Monday June 20, 2022

Are you a side?

In the hook-up world, users on such apps as Grindr or Scruff are given three choices as to their sexual practices: Top, bottom, or versatile.

But what of those who feel they don't fit into these categories? Grindr has come up with a solution, The Guardian writes.

"Last month, however, that finally changed. In mid-May, Grindr added a position called side, a designation that upends the binary that has historically dominated gay male culture," The Guardian adds. "Sides are men who find fulfillment in every kind of sexual act except anal penetration. Instead, a broad range of oral, manual and frictional body techniques provide a release that's rich in emotional, physical and psychological rewards. Some adherents refer to these activities as 'outercourse'."

The term is derived in 2013 by the sex therapist and author Dr. Joe Kort, but only in the past year has it achieved wider usage. Kort created a Facebook page "Side Guys" to give the men a forum for acceptance and, perhaps, to start a movement.

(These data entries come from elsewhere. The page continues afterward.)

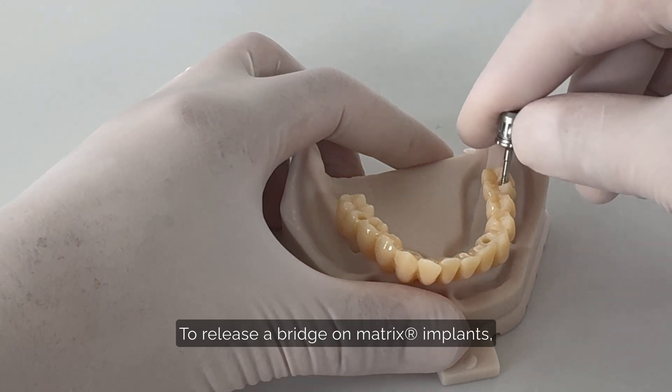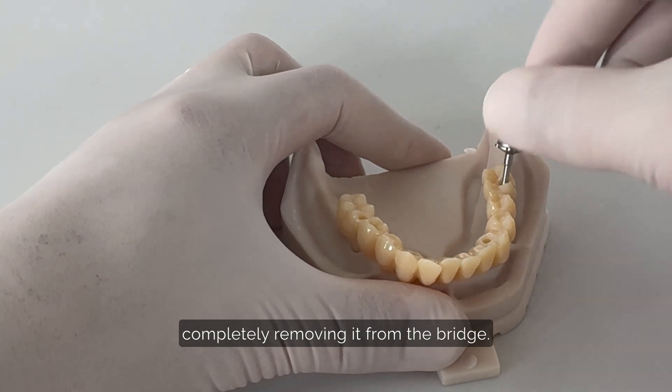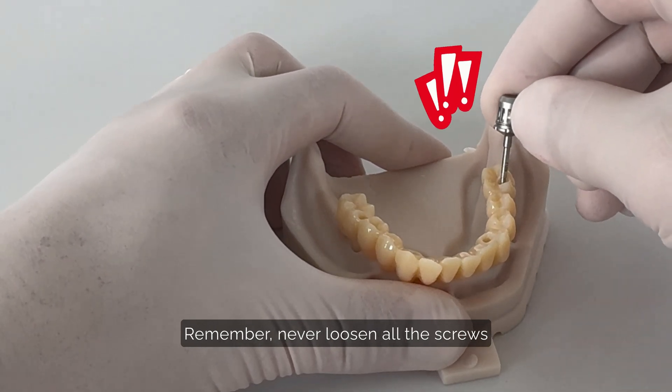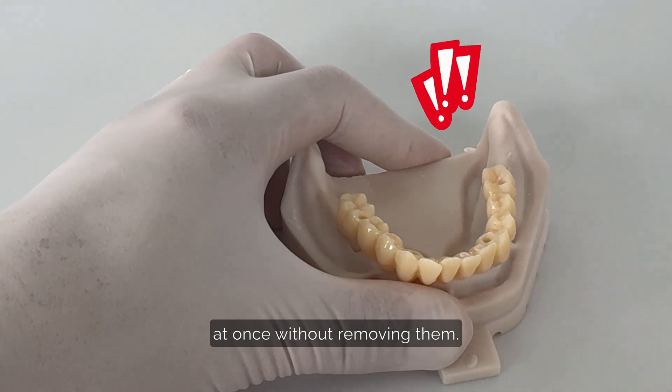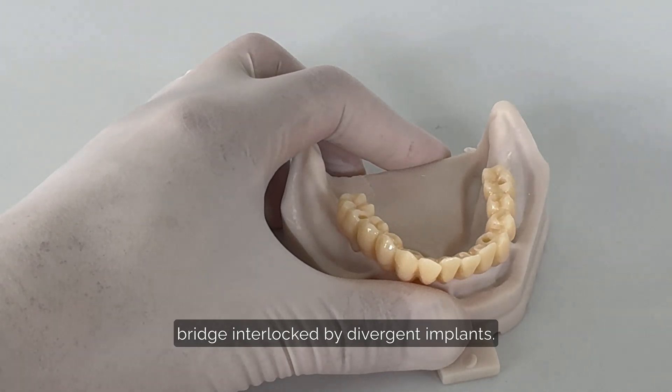To release a bridge on matrix implants, start by unscrewing the first screw and completely removing it from the bridge. Remember, never loosen all the screws at once without removing them. This will lead to a bridge interlocked by divergent implants.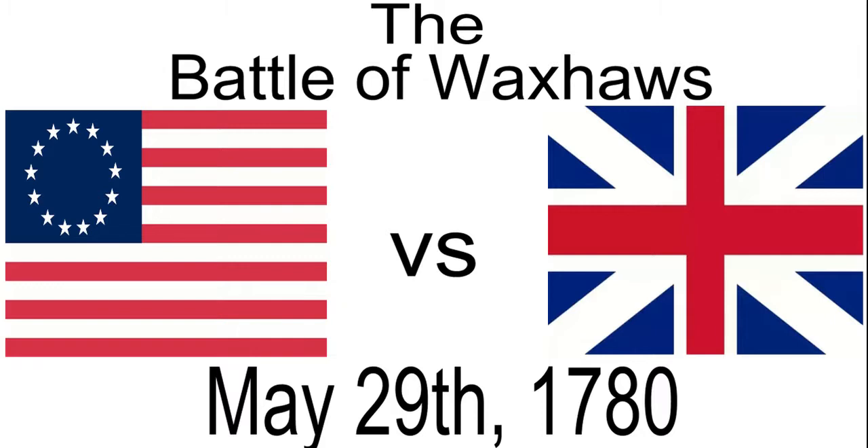In many subsequent battles — from Camden to Guilford Courthouse to Cowpens — American soldiers would shout 'Remember Waxhaws' or 'Tarleton's Quarter.' So although this was an American defeat, in the long run it helped secure an American victory. Waxhaws is a very important battle to study because of how much happened in such a short time, and because no single definitive account exists — reports on both sides differ even from each other — making it one of the most historically intriguing engagements of the war.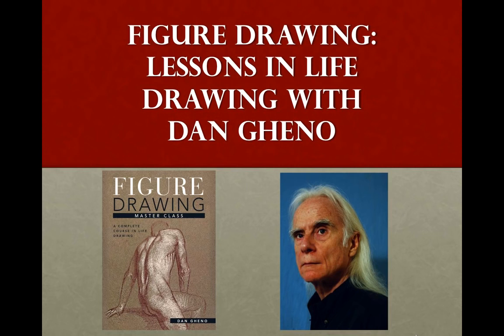Hello everyone, and welcome to today's online event, Figure Drawing: Lessons in Life Drawing with Dan Geno. My name is Sarah Alspaugh, and I work in the fine art department here at F&W. Today, Dan is going to give us a preview into his new book, Figure Drawing Masterclass: Lessons in Life Drawing. Dan created this book to be a sequential step-by-step guide to help artists of all levels learn how to render realistic figures.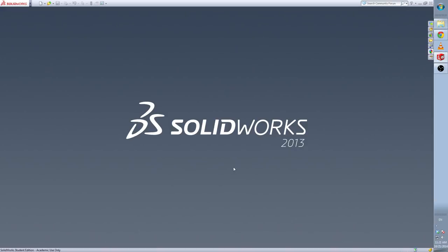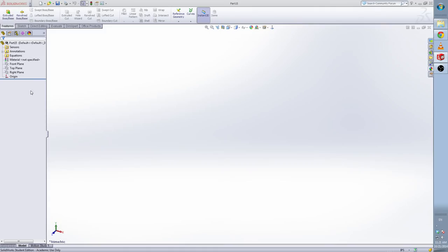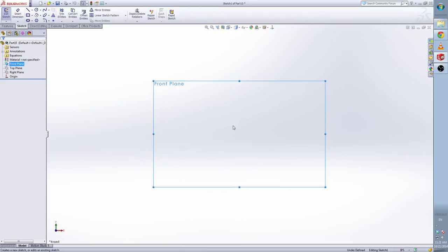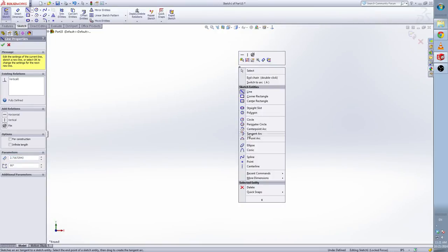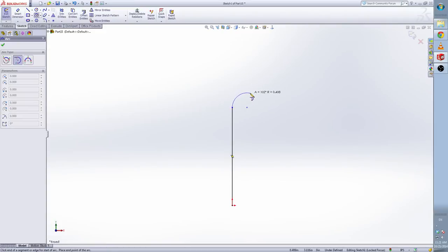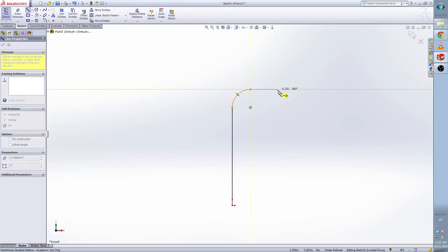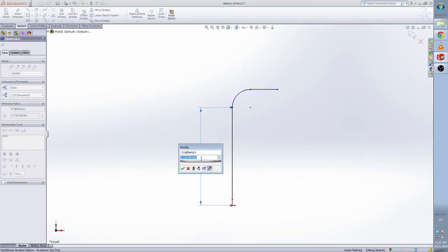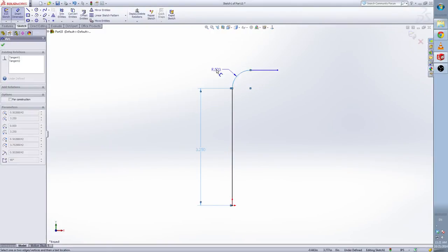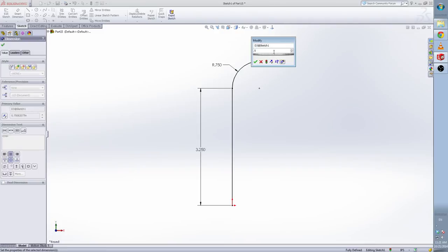Now let's make the fourth part — the mantle tube. Open another part file in inches. Select the front plane and make a sketch. Use the line to draw a vertical line. Right-click, left-click, select the tangent arc. From this point, draw a tangent arc — we want the angle of the arc to be 90 degrees. Click here, left-click, select line, and draw another line. This means the line is tangent with the arc and horizontal. Give them the dimension: the height of this is 3.25 inches.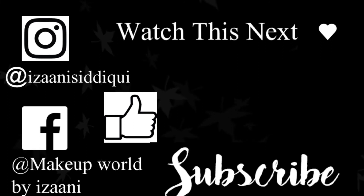I will see you in my next video. Till then, take care. Bye!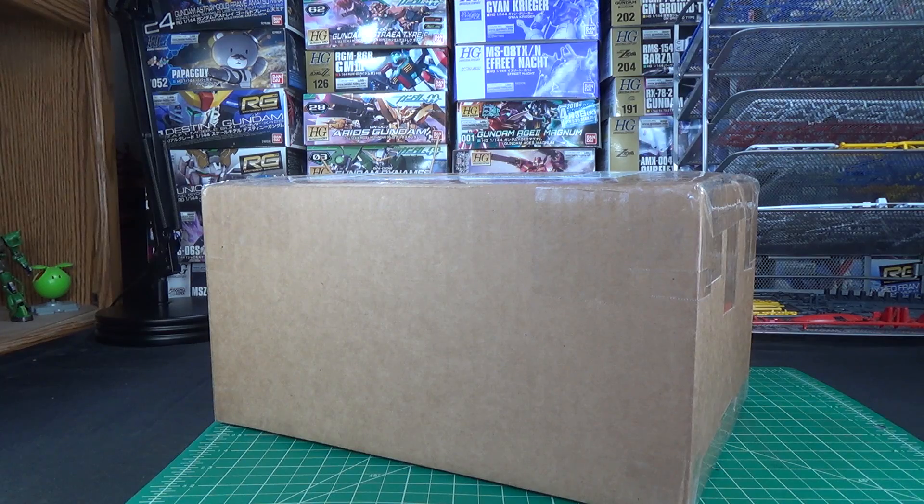Now yes, this is in fact the May box. They shipped it out right at the end of the month, so some people got it at the end of May, some people, like myself, got it in early June.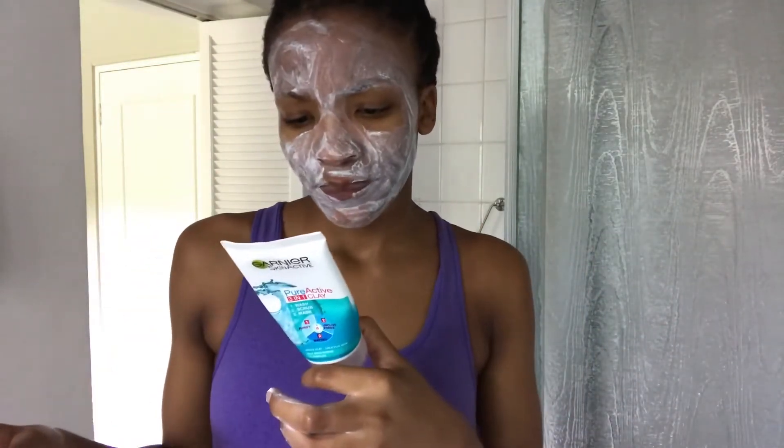So normally when I mask, I just leave it on for about 10 minutes. The product says three minutes, but I just leave it on for 10 minutes. Sometimes I leave it on and then brush my teeth and then wash it off. So let me wash it off.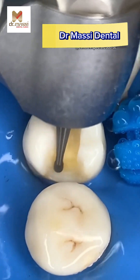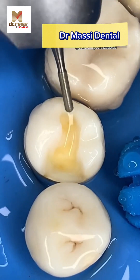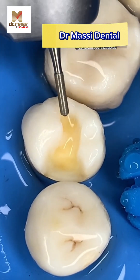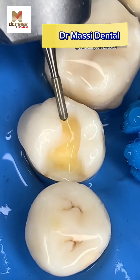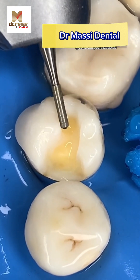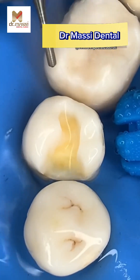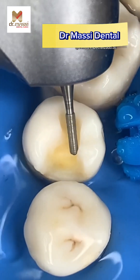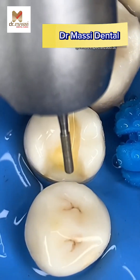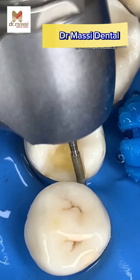Extend the occlusal outline from the mesial pit to create the proximal dovetail. Follow the anatomy of the grooves. Burr options: pear-shaped carbide burrs 330 to 145. Place the burr in the most mesial portion of the preparation outline, orient the burr distally mesially, and brush upward to create occlusal divergence at the proximal wall of the dovetail.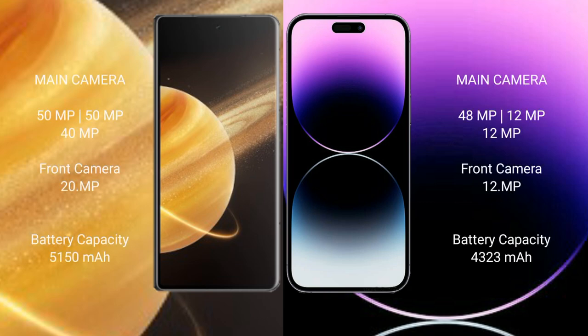Honor Magic V3 features a rear triple camera setup: 50MP plus 50MP plus 40MP, and a 20MP front camera. iPhone 14 Pro Max also features a rear triple camera setup: 48MP plus 12MP plus 12MP, and a 12MP front camera.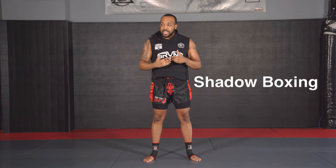Alright, what's up jerks. I know some of y'all are quarantined and can't really train, but that's no excuse for you not to get better and build your skill set up. So when it comes to striking, when it comes to Muay Thai, one thing you can always do at home is shadow boxing. And that's what a lot of you need to work on because you suck at it. So let's get better at shadow boxing.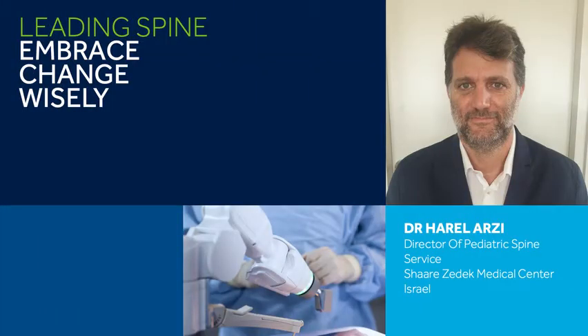Hello, I am Dr. El-Arzi. I have been using the Mazor system for the last six years for nearly all of my pediatric and adult deformity cases, as well as adult degenerative and MIS cases. Today, I will introduce the basic surgical technique for the Mazor Stealth Edition surgical robotic system.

"I wanted to create a community," he said. "I wanted to help people get rid of the loneliness and the shame," The Guardian reports.

Those who have joined the page largely come from TikTok, Kort says, including life coach and advocate Barrett Pall, who has 1.4 million followers on the site. "In another breakthrough, Wikipedia recently added a "sides" definition to its 'terminology of homosexuality' entry," adds The Guardian. "At the same time, the LA-based gay comedian Michael Henry has created a hilarious, but sympathetic, mock-tutorial on sides that has earned more than 224,000 YouTube views in the last few weeks, making it one of his most viewed clips."

"In the video, a young guy tells some friends that he's been 'seeing an array of men but not topping or bottoming'. One friend quizzically asks: 'What are you doing with these men? Shaking hands?' After the guy outs himself as a side, Henry asks: 'You mean like a potato?'

"'No,' says the side. 'When it comes to sex, I do everything but butt.'"

Henry says he was inspired to create the piece after hearing some younger men use the term in gay bars in the last year. "It's something people had begun talking about but that not a lot of gay people know about," he tells The Guardian.

While there has been some pushback from those that doubt the viability of the term, with some doubting that someone wouldn't be interested in penetration, Kort says these feelings come from a deep place.

"I've been having these feelings since I was 10," he said. "When anal sex was introduced to me as a college student, I was like: 'It's not going to happen.' People would say, 'What's wrong with you? Are you a virgin?' I felt totally disenfranchised. Finally, in my 40s, I said, 'This is stupid. I'm a therapist! Why am I ashamed of this?'"

Kort adds that while some see this as expressing internalized homophobia, he sees it differently. "He believes that defining penetration as the sole standard for sex is a heteronormative construct that gay people have the opportunity to challenge. "It's mimicking patriarchal crap," he said. "I'm always trying to tell people that all sex acts are sex. It's how†you† define it."